►

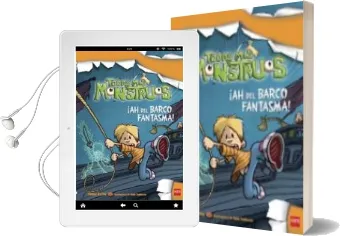 Descargar AudioLibro ¡Ah del Barco Fantasma! (Todos mis Monstruos 9) de Thomas Brezina año 2015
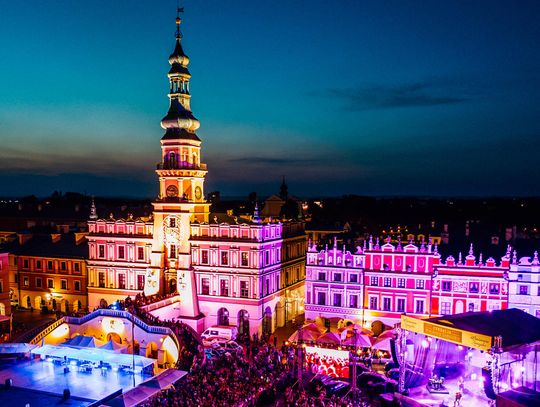 Rynek Wielki Zamość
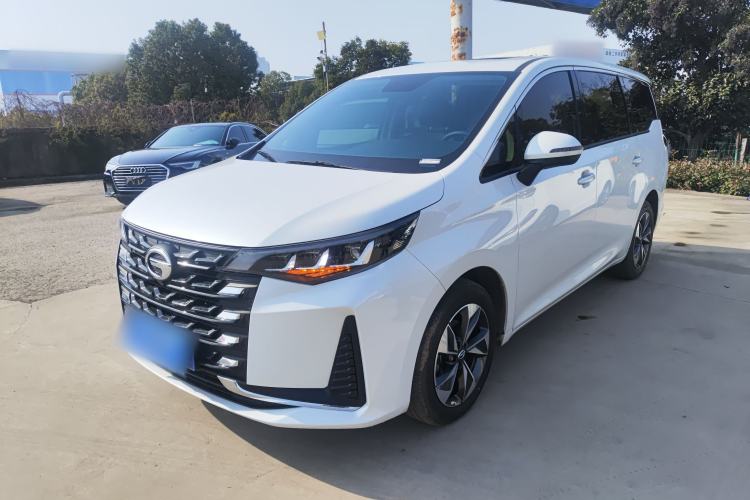 Used GAC Trumpchi M6 2023 PRO 270T DCT Luxury Edition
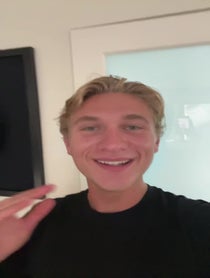 Poster for Birthday video from Thomas Kuc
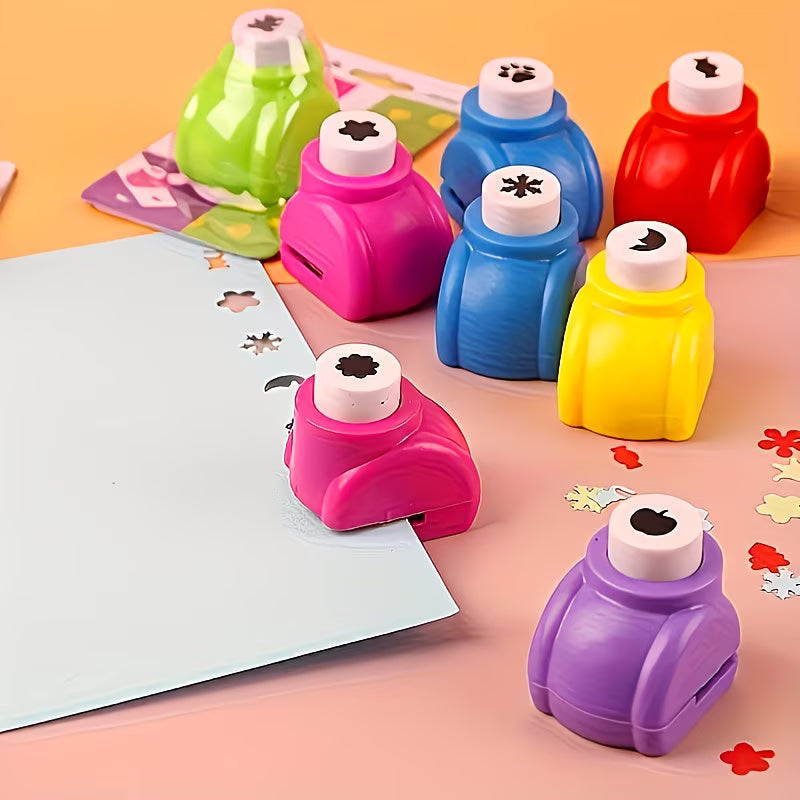 Mini Paper Punches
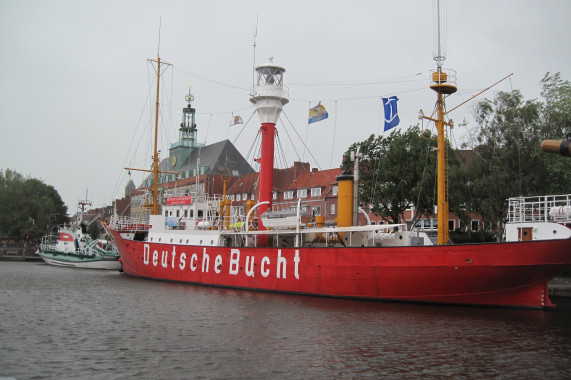 Feuerschiff Amrumbank Emden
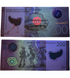 200 كوردروبا، نيكاراغوا، عام 2023، UNC بوليمر 005541 фото 2
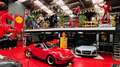 Porsche 911 Speedster 3.2L  WTL *** Full historique *** Rouge - thumbnail 2
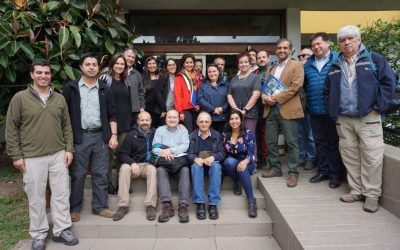 CON ÉXITO SE MOSTRARON LOS RESULTADOS FINALES DEL PROYECTO FIBN 009/2016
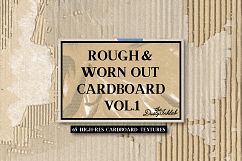 Rough &amp; Worn Out Cardboard Vol. 1 Product Image 1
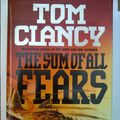 Cover Art for 9780002238595, The Sum of All Fears by Tom Clancy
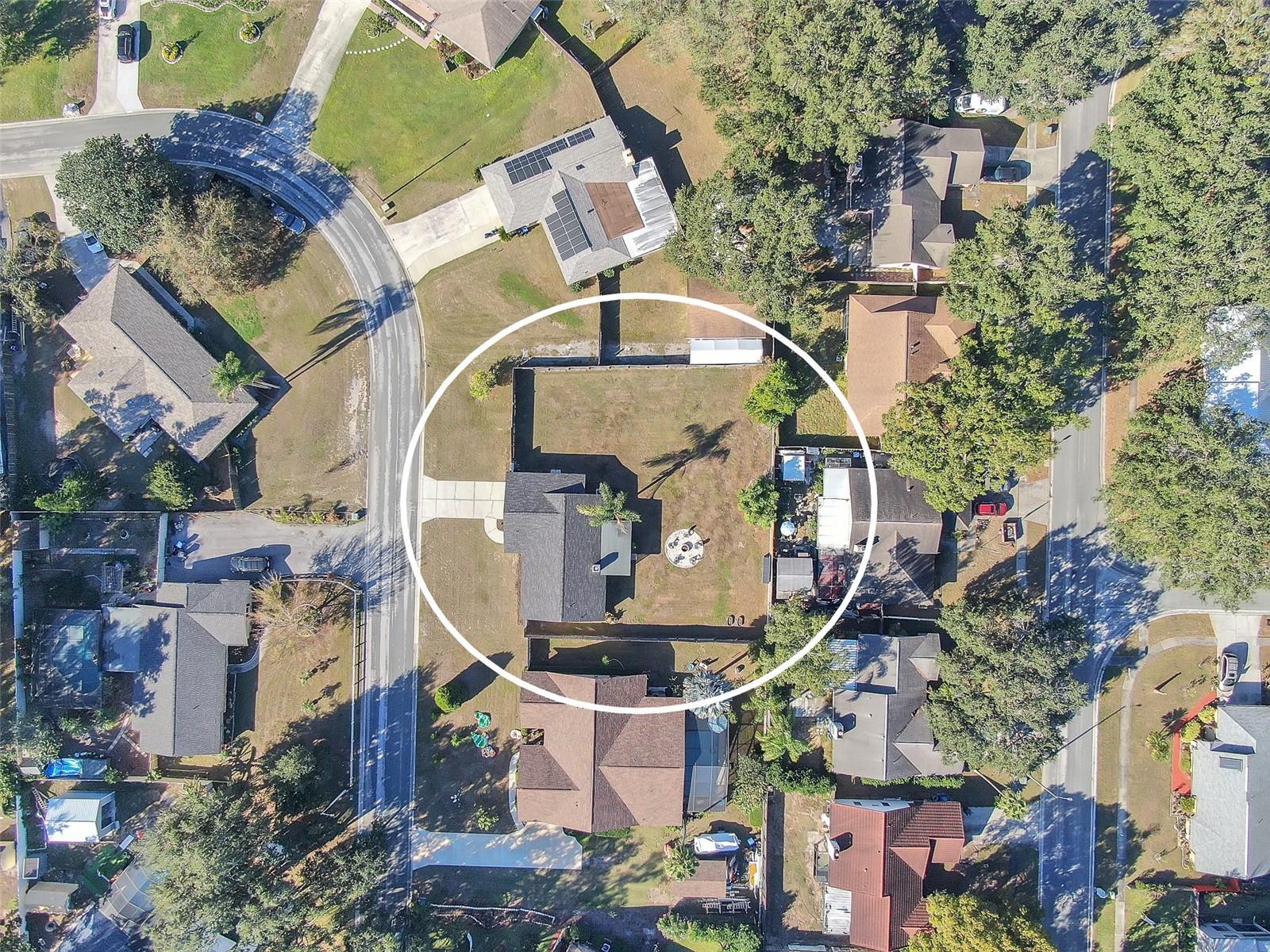 PARKWOOD MANOR 1ST ADDITION - Residential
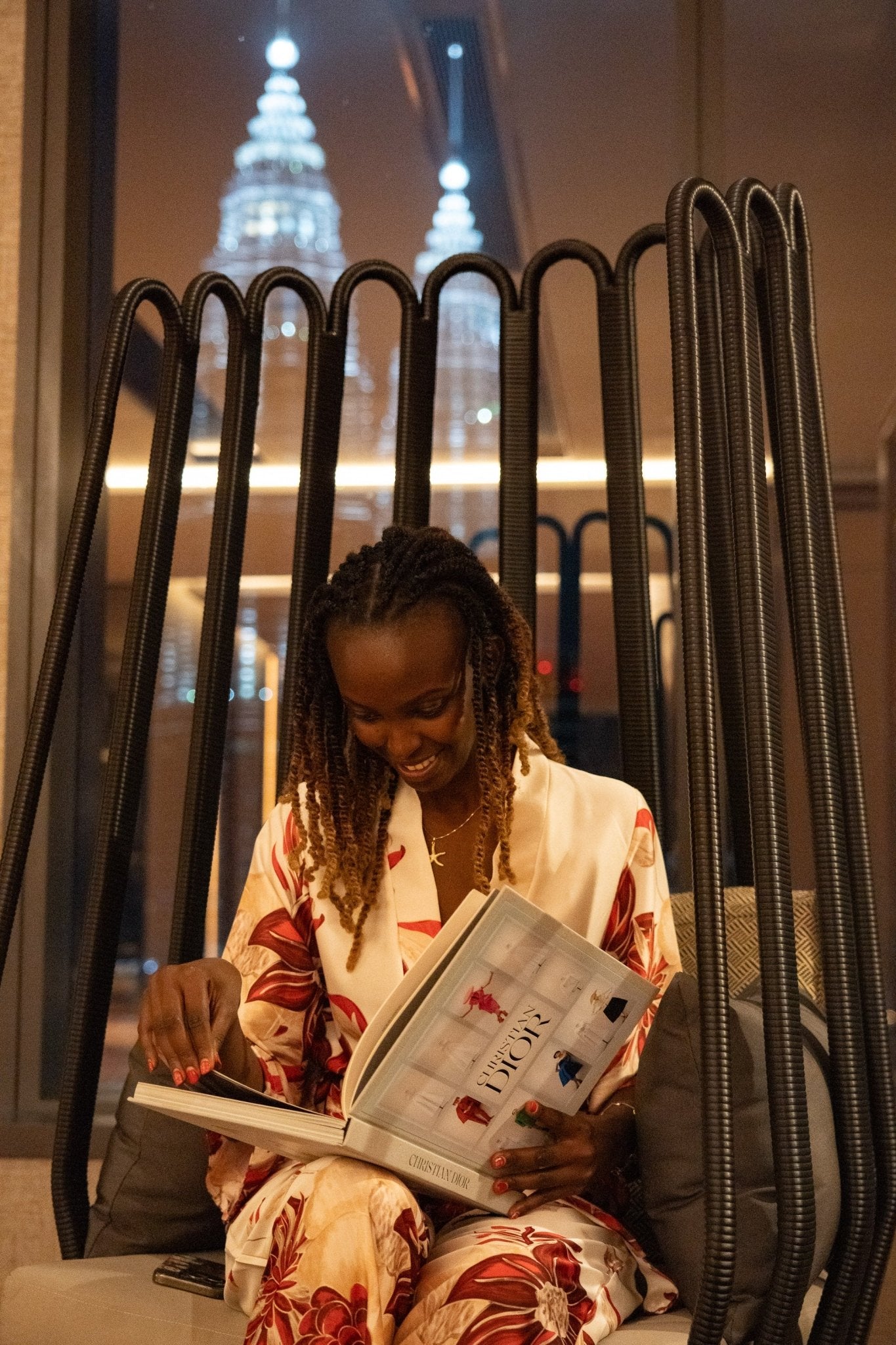 Kuala Lumpur - City Editorial Session - Zawadi Hat Fashion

◄

__EXERCISE OBJECTIVE__: Restate each line from the start of the listing through the line bearing "PARKWOOD MANOR 1ST ADDITION - Residential" word for word. Drop the pictures.

__EXERCISE ANSWER__:
 Descargar AudioLibro ¡Ah del Barco Fantasma! (Todos mis Monstruos 9) de Thomas Brezina año 2015
 Rynek Wielki Zamość
 Used GAC Trumpchi M6 2023 PRO 270T DCT Luxury Edition
 Poster for Birthday video from Thomas Kuc
 Mini Paper Punches
 Feuerschiff Amrumbank Emden
 200 كوردروبا، نيكاراغوا، عام 2023، UNC بوليمر 005541 фото 2
 Porsche 911 Speedster 3.2L  WTL *** Full historique *** Rouge - thumbnail 2
 CON ÉXITO SE MOSTRARON LOS RESULTADOS FINALES DEL PROYECTO FIBN 009/2016
 Rough &amp; Worn Out Cardboard Vol. 1 Product Image 1
 Cover Art for 9780002238595, The Sum of All Fears by Tom Clancy
 PARKWOOD MANOR 1ST ADDITION - Residential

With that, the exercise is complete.